Wednesday, August 14, 2013


Galantamine is by far my favorite nootropic. Not only is it a mild acetylcholinesterase inhibitor, it also positively modulates the alpha 7 nicotinine acetylcholine receptor. The end effect is a global increase in acetylcholine levels and the facilitation of the activation of the particular type of receptor intimately involved in learning and memory.

Acetylcholinesterase (AchE)
The strength of AchE inhibition is directly proportional to the reciprocal increase in the amount of acetylcholinesterase present. In other words, the stronger you inhibit the enzyme, the more the body produces to counteract its absence. This has been quantified in studies examining this effect with galantamine in comparison to donepezil, which saw much greater AchE enzyme elevation with donepezil.

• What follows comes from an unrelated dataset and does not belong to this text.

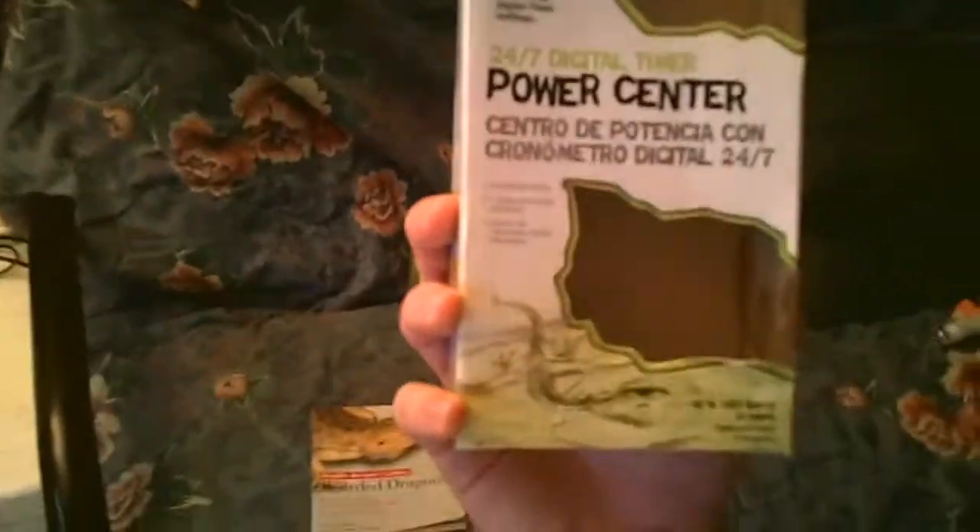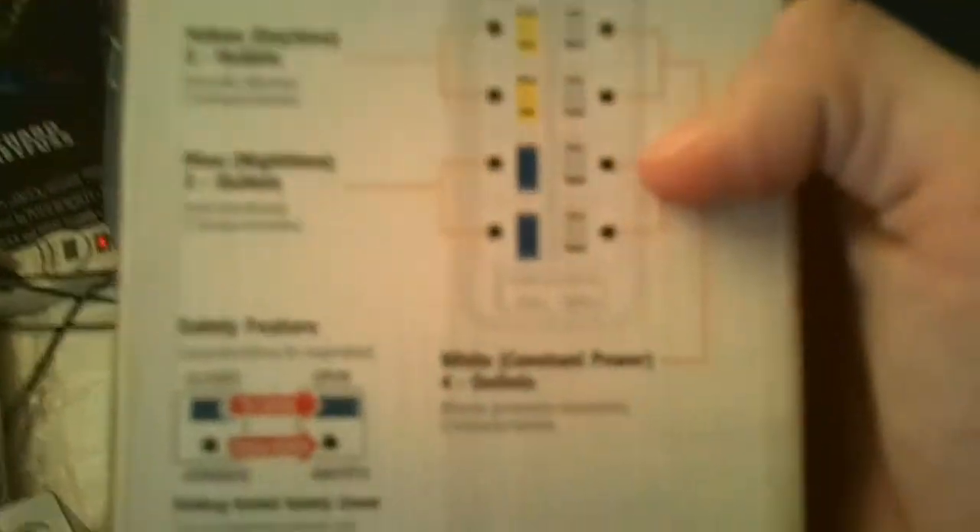The other thing I want to talk about is the Zilla Power Center. I'm showing you just the box right now because I have it all hooked up in the corner. It's a 24-hour digital timer with 8 outlets and 7 different time settings. The blue ones are your nighttime settings, these are your daytime settings, and all four on the bottom are constant power. Once you get it up and running it's easy to maintain and set your times. It's a very good thing to have if you're planning on keeping a dragon or any reptile long-term.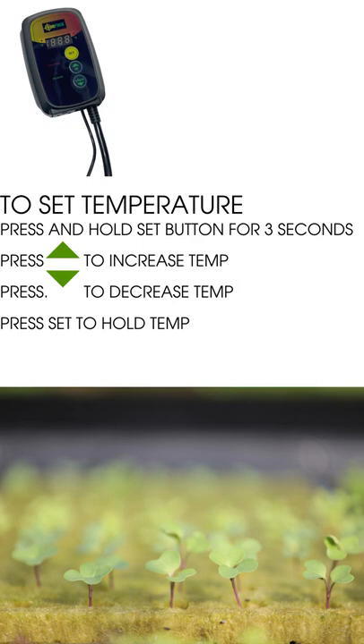Once you've found the ideal temperature based on your seed supplier's recommendation, press to set and hold that temperature. We just released a video that goes into a lot more detail on our YouTube channel — it's available via the link in the bio.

This isn't surprising since donepezil is roughly 40-300 times more potent at inhibiting this enzyme [1]. In the context of Alzheimer's disease, or other forms of dementia, this fact is relatively unimportant since the user will continue to supplement with the AchE inhibitor until death. Conversely, for a healthy individual using an AchE inhibitor for a relatively shorter amount of time, this may result in fairly significant rebound once supplementation ceases. This effect would be considerably more muted when supplementing with galantamine, especially since nootropic effects can be seen with doses much smaller then what is required to inhibit AchE.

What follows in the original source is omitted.